*RECORDS FOR THIS TASK*
□ □ □ □

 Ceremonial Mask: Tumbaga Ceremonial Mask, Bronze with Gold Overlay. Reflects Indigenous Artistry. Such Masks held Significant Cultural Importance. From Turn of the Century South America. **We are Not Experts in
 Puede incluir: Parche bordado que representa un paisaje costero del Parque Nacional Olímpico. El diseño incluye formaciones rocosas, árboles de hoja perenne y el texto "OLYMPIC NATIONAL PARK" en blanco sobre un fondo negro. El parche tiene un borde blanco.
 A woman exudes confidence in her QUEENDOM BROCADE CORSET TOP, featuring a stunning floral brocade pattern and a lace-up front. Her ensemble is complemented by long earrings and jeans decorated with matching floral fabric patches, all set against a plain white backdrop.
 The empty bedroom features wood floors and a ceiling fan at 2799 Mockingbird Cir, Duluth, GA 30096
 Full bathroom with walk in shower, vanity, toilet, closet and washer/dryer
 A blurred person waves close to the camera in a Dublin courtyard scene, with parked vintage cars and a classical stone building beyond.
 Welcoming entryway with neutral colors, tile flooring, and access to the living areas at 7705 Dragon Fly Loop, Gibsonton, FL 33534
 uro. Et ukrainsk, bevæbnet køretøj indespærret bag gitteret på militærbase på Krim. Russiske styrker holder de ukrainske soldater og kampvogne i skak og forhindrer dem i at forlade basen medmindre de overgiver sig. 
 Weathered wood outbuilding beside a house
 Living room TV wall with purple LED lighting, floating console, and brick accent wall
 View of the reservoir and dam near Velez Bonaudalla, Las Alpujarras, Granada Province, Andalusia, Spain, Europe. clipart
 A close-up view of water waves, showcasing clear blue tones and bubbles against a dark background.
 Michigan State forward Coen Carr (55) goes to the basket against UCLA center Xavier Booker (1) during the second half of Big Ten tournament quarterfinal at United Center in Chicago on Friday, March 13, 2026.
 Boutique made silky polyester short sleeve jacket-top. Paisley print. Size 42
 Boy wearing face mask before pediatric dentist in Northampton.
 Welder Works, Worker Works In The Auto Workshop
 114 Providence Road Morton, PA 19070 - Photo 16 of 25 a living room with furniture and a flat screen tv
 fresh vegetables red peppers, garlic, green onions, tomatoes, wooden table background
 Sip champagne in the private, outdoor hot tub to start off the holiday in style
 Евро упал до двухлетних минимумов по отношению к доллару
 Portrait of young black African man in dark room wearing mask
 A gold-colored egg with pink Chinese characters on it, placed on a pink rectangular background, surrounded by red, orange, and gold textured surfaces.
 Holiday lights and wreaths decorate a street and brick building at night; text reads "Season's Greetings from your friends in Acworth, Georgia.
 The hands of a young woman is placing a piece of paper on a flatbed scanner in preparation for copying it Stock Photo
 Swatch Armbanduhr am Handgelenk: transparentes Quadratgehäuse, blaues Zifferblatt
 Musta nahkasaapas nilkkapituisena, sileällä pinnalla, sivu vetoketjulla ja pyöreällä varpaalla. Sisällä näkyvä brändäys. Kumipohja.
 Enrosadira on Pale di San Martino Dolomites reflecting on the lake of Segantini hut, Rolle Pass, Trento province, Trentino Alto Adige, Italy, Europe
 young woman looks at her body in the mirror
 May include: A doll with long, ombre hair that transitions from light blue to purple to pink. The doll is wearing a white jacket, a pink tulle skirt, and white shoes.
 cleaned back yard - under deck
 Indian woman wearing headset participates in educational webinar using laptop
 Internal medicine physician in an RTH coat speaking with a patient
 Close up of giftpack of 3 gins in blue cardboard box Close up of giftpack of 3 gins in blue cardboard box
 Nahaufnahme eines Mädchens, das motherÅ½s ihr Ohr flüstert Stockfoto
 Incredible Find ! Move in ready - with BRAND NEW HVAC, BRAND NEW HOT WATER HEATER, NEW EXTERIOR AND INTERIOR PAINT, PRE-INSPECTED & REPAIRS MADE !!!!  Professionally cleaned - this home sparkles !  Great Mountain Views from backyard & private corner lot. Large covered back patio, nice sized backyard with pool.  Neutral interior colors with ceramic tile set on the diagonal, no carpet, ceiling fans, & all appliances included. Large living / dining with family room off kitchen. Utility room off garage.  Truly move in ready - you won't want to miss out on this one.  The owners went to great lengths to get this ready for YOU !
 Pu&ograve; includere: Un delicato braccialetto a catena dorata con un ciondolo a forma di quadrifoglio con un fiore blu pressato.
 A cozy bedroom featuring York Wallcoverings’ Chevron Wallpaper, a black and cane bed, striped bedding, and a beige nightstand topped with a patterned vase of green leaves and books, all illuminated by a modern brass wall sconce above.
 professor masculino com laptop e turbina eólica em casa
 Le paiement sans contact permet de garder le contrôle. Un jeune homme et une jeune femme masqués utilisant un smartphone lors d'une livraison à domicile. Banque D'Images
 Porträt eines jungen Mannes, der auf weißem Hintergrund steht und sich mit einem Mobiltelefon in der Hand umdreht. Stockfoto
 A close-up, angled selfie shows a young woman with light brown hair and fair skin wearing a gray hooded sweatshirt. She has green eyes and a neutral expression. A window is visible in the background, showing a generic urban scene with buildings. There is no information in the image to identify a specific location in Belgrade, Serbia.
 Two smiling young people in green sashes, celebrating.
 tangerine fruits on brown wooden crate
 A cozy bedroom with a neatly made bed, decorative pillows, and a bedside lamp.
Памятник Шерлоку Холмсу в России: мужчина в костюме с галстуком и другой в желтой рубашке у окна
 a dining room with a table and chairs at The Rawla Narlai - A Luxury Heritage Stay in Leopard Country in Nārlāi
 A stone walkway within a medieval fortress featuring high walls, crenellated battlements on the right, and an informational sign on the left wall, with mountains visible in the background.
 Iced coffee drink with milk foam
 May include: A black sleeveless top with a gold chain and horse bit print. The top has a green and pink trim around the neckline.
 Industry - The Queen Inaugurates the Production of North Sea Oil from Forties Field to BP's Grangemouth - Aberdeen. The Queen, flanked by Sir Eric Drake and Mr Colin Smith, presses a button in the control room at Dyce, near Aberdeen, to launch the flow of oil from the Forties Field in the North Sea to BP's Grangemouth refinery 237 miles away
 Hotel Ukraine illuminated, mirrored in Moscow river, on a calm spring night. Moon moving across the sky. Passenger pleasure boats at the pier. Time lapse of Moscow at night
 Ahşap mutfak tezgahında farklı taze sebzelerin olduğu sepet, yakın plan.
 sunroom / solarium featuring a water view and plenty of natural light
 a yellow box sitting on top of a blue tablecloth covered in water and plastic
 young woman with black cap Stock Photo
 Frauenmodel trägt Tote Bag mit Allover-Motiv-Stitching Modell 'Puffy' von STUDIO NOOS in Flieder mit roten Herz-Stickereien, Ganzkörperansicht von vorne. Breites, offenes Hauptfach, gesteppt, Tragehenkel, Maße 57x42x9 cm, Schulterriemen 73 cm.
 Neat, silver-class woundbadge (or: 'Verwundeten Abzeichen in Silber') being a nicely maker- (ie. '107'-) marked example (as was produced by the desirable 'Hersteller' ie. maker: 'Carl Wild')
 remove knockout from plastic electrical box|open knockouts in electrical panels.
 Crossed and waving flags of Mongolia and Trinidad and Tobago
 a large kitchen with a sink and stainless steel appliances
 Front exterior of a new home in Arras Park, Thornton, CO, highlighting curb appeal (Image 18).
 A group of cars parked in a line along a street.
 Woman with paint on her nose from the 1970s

□ □ □ □

Go through the records above and return every line that holds the string "visible".

 A close-up, angled selfie shows a young woman with light brown hair and fair skin wearing a gray hooded sweatshirt. She has green eyes and a neutral expression. A window is visible in the background, showing a generic urban scene with buildings. There is no information in the image to identify a specific location in Belgrade, Serbia.
 A stone walkway within a medieval fortress featuring high walls, crenellated battlements on the right, and an informational sign on the left wall, with mountains visible in the background.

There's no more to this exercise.